Duncan J J, Gordon N F, Scott C B
Division of Exercise Physiology, Cooper Institute for Aerobics Research, Dallas, TX 75230.
JAMA. 1991 Dec 18;266(23):3295-9.
We studied whether the quantity and quality of walking necessary to decrease the risk of cardiovascular disease among women differed substantially from that required to improve cardiorespiratory fitness.
A randomized, controlled, dose-response clinical trial with a follow-up of 24 weeks.
A private, nonprofit biomedical research facility.
One hundred two sedentary premenopausal women, 20 to 40 years of age, were randomized to one of four treatment groups; 59 completed the study (16 aerobic walkers [8.0-km/h group], 12 brisk walkers [6.4-km/h group], 18 strollers [4.8-km/h group], and 13 sedentary controls). Eighty-one percent were white, 17% black, and 2% Hispanic.
Intervention groups walked 4.8 km per day, 5 days per week at 8.0 km/h, 6.4 km/h, or 4.8 km/h on a tartan-surfaced, 1.6-km track for 24 weeks.
Fitness (determined by maximal oxygen uptake) and cardiovascular risk factors (determined by resting blood pressure and serum lipid and lipoprotein levels).
As compared with controls, maximal oxygen uptake increased significantly (P less than .0001) and in a dose-response manner (aerobic walkers greater than brisk walkers greater than strollers). In contrast, high-density lipoprotein cholesterol concentrations were not dose related and increased significantly (P less than .05) and to the same extent among women who experienced considerable improvements in their physical fitness (8.0-km/h group, +0.08 mmol/L) and those who had only minimal improvements in fitness (4.8-km/h group, +0.08 mmol/L). High-density lipoprotein cholesterol also increased among the 6.4-km/h group, but did not attain statistical significance (+0.06 mmol/L; P = .06). Dietary patterns revealed no significant differences among groups.

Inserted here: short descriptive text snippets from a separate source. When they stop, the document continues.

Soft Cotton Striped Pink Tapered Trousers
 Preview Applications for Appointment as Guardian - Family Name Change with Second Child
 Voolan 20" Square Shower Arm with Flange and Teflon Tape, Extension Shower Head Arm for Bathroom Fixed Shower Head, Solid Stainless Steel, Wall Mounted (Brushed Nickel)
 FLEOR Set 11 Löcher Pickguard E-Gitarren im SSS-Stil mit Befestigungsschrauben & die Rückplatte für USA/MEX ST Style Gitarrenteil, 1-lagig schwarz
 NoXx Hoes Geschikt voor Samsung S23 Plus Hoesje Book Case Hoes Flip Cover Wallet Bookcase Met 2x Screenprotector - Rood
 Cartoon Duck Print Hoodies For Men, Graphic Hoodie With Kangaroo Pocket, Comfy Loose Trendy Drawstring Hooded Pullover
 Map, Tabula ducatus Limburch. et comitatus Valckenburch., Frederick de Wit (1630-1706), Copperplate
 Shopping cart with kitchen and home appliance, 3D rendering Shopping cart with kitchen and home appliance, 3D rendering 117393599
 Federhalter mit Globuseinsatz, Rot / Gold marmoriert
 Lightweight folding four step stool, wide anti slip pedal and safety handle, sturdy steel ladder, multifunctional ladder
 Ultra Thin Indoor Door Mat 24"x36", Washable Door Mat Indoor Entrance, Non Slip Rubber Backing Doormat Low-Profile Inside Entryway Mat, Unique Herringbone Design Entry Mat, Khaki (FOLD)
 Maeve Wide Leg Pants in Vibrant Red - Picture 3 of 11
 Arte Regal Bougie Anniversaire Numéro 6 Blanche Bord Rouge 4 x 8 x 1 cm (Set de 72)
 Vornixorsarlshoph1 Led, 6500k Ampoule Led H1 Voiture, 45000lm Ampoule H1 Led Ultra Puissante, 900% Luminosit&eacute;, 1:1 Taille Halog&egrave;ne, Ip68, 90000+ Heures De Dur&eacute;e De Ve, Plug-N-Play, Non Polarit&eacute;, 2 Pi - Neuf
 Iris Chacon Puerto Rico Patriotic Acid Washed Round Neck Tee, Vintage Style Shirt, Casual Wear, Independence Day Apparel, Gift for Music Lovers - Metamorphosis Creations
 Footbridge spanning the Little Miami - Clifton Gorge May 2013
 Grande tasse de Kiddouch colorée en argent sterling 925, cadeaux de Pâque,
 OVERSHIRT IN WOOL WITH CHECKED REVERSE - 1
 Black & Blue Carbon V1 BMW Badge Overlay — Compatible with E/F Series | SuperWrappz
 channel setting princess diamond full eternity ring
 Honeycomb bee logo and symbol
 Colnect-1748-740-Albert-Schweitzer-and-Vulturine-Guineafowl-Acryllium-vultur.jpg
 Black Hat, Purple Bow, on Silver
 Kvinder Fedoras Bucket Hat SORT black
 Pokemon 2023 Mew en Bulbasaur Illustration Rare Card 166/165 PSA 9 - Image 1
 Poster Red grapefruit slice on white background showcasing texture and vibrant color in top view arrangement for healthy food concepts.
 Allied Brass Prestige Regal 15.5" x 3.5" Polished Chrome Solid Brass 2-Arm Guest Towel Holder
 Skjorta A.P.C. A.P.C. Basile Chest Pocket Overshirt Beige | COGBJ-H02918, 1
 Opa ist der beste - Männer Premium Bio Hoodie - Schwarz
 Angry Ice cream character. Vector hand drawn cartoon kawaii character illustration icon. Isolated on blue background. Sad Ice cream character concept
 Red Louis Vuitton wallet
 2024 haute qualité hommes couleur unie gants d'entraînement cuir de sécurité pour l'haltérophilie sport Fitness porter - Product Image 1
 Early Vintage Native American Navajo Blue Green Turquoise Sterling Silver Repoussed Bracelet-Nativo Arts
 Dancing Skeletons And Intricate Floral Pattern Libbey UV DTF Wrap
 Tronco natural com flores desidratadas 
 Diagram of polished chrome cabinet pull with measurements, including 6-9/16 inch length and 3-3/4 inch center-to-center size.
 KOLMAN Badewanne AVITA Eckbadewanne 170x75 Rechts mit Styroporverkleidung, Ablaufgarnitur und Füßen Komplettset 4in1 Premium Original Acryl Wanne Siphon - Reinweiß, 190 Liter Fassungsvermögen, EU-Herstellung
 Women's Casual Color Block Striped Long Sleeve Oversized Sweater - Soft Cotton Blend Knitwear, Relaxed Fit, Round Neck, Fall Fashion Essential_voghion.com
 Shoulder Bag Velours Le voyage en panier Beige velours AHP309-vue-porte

Thus, we conclude that vigorous exercise is not necessary for women to obtain meaningful improvements in their lipoprotein profile. Walking at intensities that do not have a major impact on cardiorespiratory fitness may nonetheless produce equally favorable changes in the cardiovascular risk profile.
我们研究了降低女性心血管疾病风险所需的步行量和质量是否与改善心肺适能所需的步行量和质量有显著差异。
一项随机、对照、剂量反应临床试验,随访24周。
一家私立非营利生物医学研究机构。
102名年龄在20至40岁之间久坐不动的绝经前女性被随机分为四个治疗组之一;59人完成了研究(16名有氧运动步行者[8.0公里/小时组]、12名轻快步行者[6.4公里/小时组]、18名漫步步行者[4.8公里/小时组]和13名久坐对照组)。81%为白人,17%为黑人,2%为西班牙裔。
干预组在一条1.6公里长的柏油跑道上,以8.0公里/小时、6.4公里/小时或4.8公里/小时的速度,每周5天,每天步行4.8公里,持续24周。
适能(通过最大摄氧量测定)和心血管危险因素(通过静息血压以及血脂和脂蛋白水平测定)。
与对照组相比,最大摄氧量显著增加(P<0.0001),且呈剂量反应关系(有氧运动步行者>轻快步行者>漫步步行者)。相比之下,高密度脂蛋白胆固醇浓度与剂量无关,在体能有显著改善的女性(8.0公里/小时组,+0.08毫摩尔/升)和体能仅有微小改善的女性(4.8公里/小时组,+0.08毫摩尔/升)中均显著增加(P<0.05),且增加程度相同。6.4公里/小时组的高密度脂蛋白胆固醇也有所增加,但未达到统计学显著性(+0.06毫摩尔/升;P=0.06)。各小组的饮食模式没有显著差异。
因此,我们得出结论,女性要想在脂蛋白水平上获得有意义的改善,并不一定需要剧烈运动。以对心肺适能没有重大影响的强度步行,仍可能在心血管风险状况方面产生同样有利的变化。